Relacionado à formação de dímeros ADAR para atividade geral de edição é a observação de que certos eventos de edição de RNA que ocorrem dentro do mesmo substrato exibem acoplamento positivo ou negativo. Por exemplo, adenosinas diretamente vizinhas umas das outras ou aquelas localizadas no mesmo lado da estrutura duplex do RNA (cerca de 11 nt de distância dentro do RNA da forma A) freqüentemente mostram acoplamento em edição por ADARs provavelmente devido à sua proximidade do local catalítico da enzima no espaço (Koeris et al., 2005; Enstero et al., 2009).
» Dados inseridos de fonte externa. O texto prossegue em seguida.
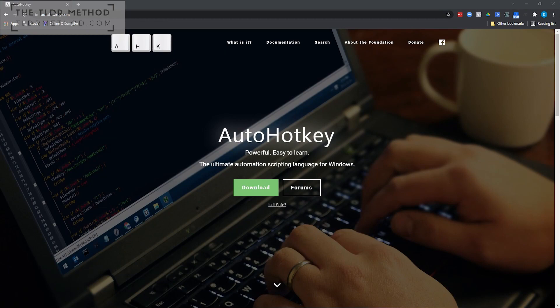The easiest way to describe AutoHotKey is as a scripting language for user input. Anything you can do with a series of keystrokes or even mouse movements is something you could automate with AutoHotKey. You download the application from AutoHotKey.com and install it on your computer. Once installed, you can run different AHK scripts. While running, it constantly listens for triggers you've defined in your script, and those triggers cause the actions in your script to execute.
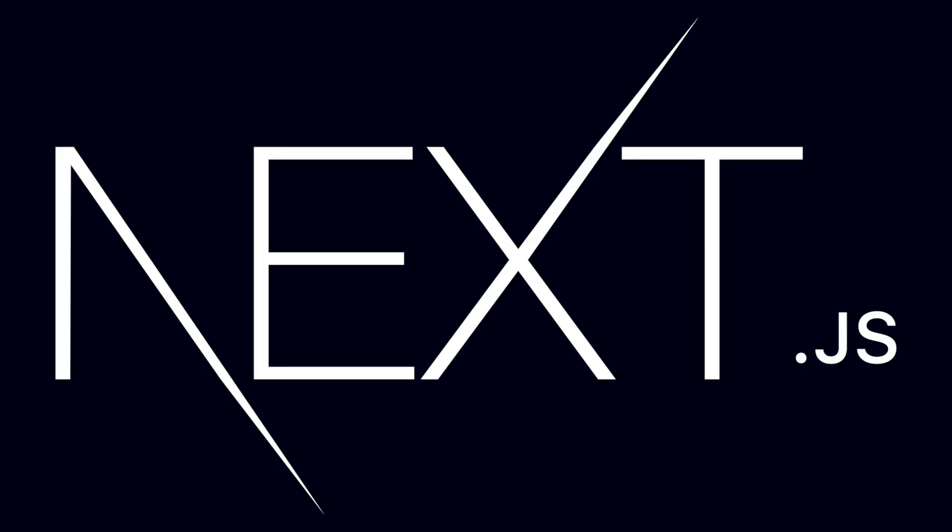In this video, we're going to take a look at how to convert a Next.js website into a PWA.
Embora essas percepções, ainda não é possível prever atualmente um local de edição de RNA baseado na seqüência primária do RNA. Isto se deve principalmente à natureza complexa das estruturas terciárias de RNA e ao seu comportamento dinâmico. Mesmo considerando que os domínios vinculados ao dsRNA podem ser capazes de discriminar certos motivos de seqüência primária sobre outros, pequenas alterações na seqüência primária circundante ou na estrutura secundária e terciária podem modular ou mesmo anular os contatos específicos da seqüência. Como resultado, tentativas de conceber algoritmos de busca combinando várias das características moleculares (incluindo probabilidade de emparelhamento de bases, ambiente de seqüência, conservação de seqüência) que são conhecidas por influenciar a probabilidade de edição ou atividade, a fim de prever potenciais locais de edição, resultaram em longas listas de posições candidatas em mRNAs, mas poucos locais novos, locais seletivos e de modificação de alto nível foram validados como alvos in vivo de boa fé (Clutterbuck et al., 2005; Levanon et al., 2005; Gommans et al., 2008; Sie e Maas, 2009). A dicotomia entre a detecção de milhares de prováveis locais de edição baseados em características moleculares em pré-mRNAs e a escassez de locais de recodificação de alto nível sugere que ou os algoritmos de previsão sofrem de uma alta taxa de falsos positivos e a maioria dessas posições candidatas não são editadas por ADARs, ou a detecção experimental de edição de RNA é o problema e para muitos locais de edição real os tecidos errados são testados (edição específica do tipo célula) ou são testados no ponto errado (edição regulada). Alternativamente, os níveis de edição in vivo da maioria dos sites são tão pequenos que os métodos de detecção atuais não são suficientemente sensíveis para provar ou refutar a edição.